# Need help with new grow



## trommer (Jul 5, 2019)

Hello all! My new project is growing (2 ) Gorilla Glue autoflower plants in a 4' X 2' tent.
I allowed the feminized seeds to sit in water for 18 hours, then planted them today about 1/4" deep in their final 14L pots using FF HF soil, (I've had success before spouting seeds like this). I realize that I purchased the wrong LED light for my tent, (1200W). I have the pots in the tent with the light hung about 30" >above< the pots. Should this set up be okay for the seedlings when they begin grow? Too much light? Too far away from the pots? I know it's a total waste of energy, that's for sure.

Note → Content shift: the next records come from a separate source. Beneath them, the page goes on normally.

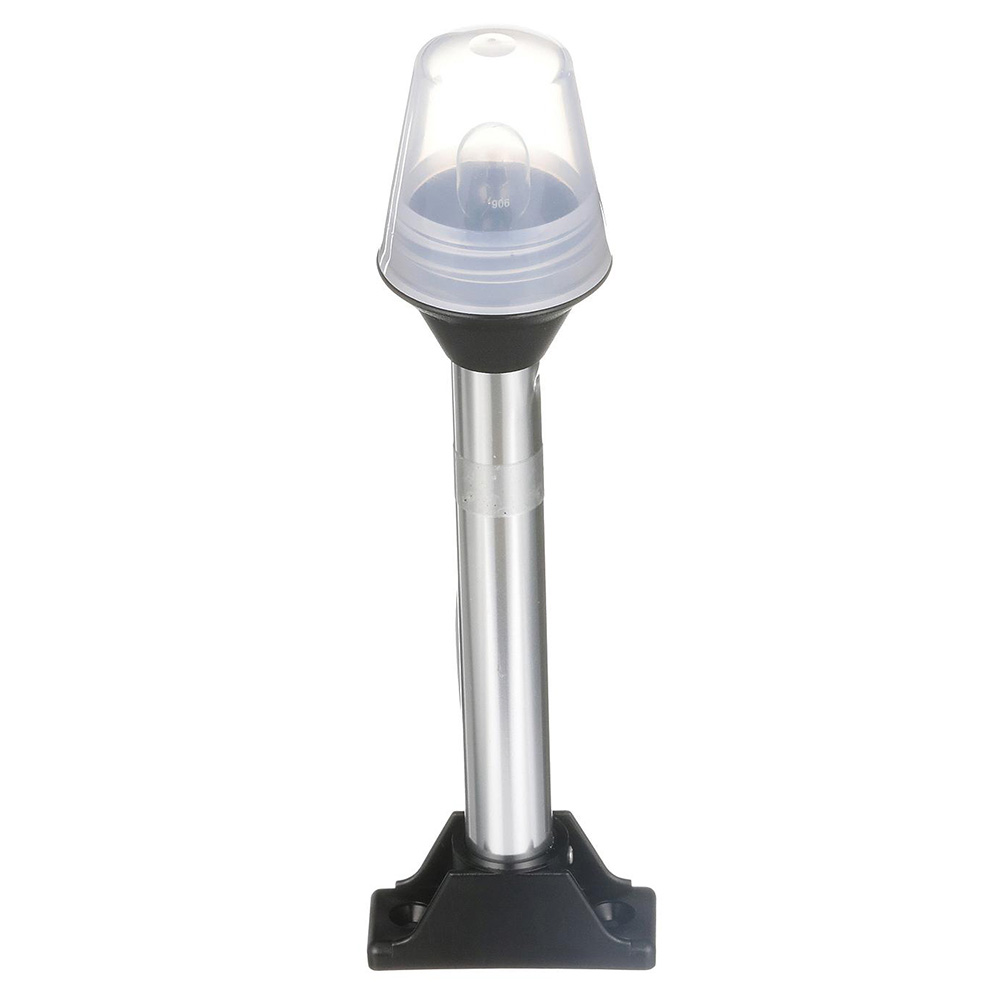Attwood Marine All-Round Fixed Base Pole Light, 8 in, 2-Mile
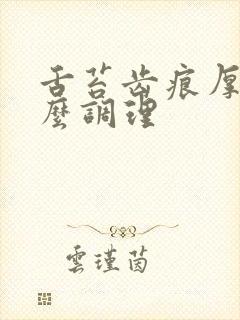 舌苔齿痕厚腻怎么调理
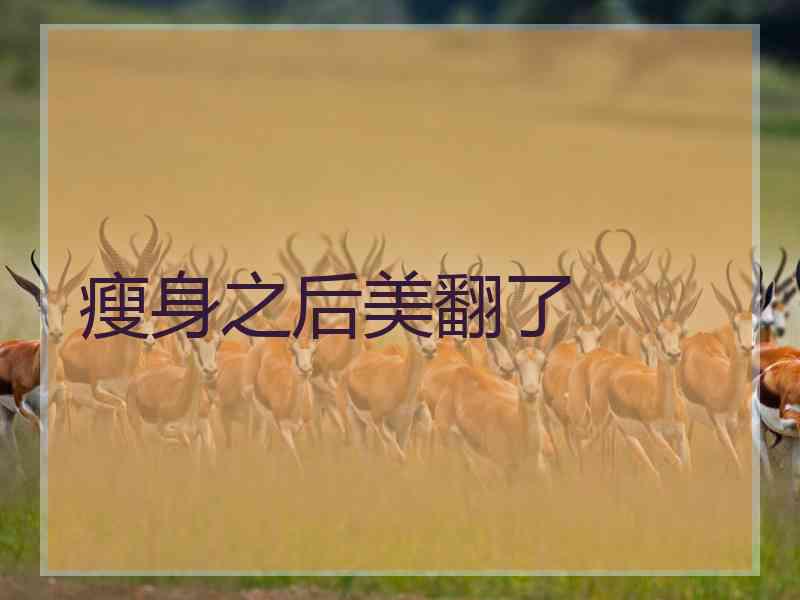 瘦身之后美翻了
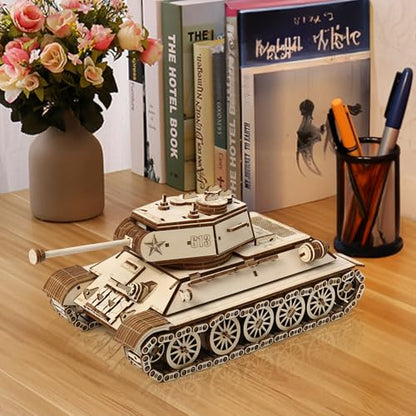 3D Wooden Puzzles for Adults, DIY Tank Model Building Kit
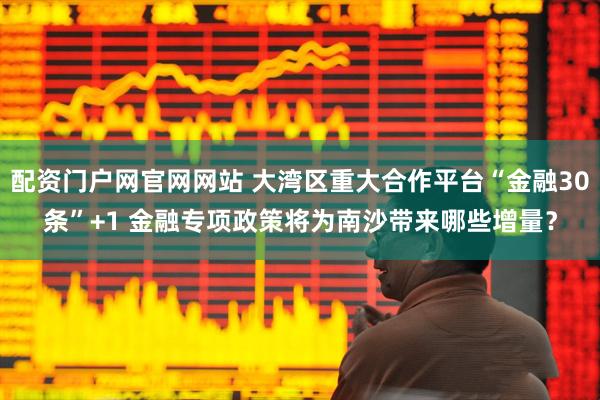 配资门户网官网网站 大湾区重大合作平台“金融30条”+1 金融专项政策将为南沙带来哪些增量？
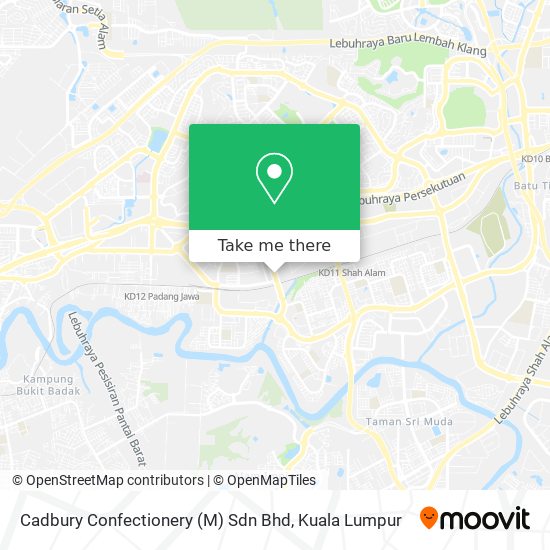 Cadbury Confectionery (M) Sdn Bhd map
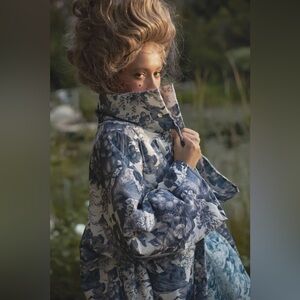 SELKIE The Louie Toile Puffer Jacket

EDIT  I have since removed the two pots from the tent and put them under a small fluorescent lamp. I found the tent was getting a bit warm, even with an exhaust fan running and inlet air, I will purchase the appropriate size LED for this odd sized tent. 
Still learning.


----------



## oldfogey8 (Jul 5, 2019)

I used a King 1200 LED and a 4 foot 4 bulb HO T5 fixture in a 2x4x4 foot tent my last grow. I was growing during the fall and winter so maybe that helped with the heat but my temps were ok. That is probably a bit much light for seedlings though. Good luck.


----------



## The Hemp Goddess (Jul 5, 2019)

What is the actual working wattage of the light?  I am thinking that it is probably not too much light for that tent.  However it is too much for small seedlings.  You have done right to put them under a fluorescent, but don't make it one that is too small or they will get leggy.

What type and size is your exhaust fan?  It may be too small for your space if it is getting too hot.  

A 4 x 2 isn't really an odd sized tent at all--it is actually a  very common size.  I had a closet that size that I used for vegging for over a decade.


----------



## trommer (Jul 5, 2019)

oldfogey8 said:


> I used a King 1200 LED and a 4 foot 4 bulb HO T5 fixture in a 2x4x4 foot tent my last grow. I was growing during the fall and winter so maybe that helped with the heat but my temps were ok. That is probably a bit much light for seedlings though. Good luck.



Agree, and Thanks. I’m going to use the 1200 W LED later on then.


----------



## trommer (Jul 5, 2019)

The Hemp Goddess said:


> What is the actual working wattage of the light?  I am thinking that it is probably not too much light for that tent.  However it is too much for small seedlings.  You have done right to put them under a fluorescent, but don't make it one that is too small or they will get leggy.
> 
> What type and size is your exhaust fan?  It may be too small for your space if it is getting too hot.
> 
> A 4 x 2 isn't really an odd sized tent at all--it is actually a  very common size.  I had a closet that size that I used for vegging for over a decade.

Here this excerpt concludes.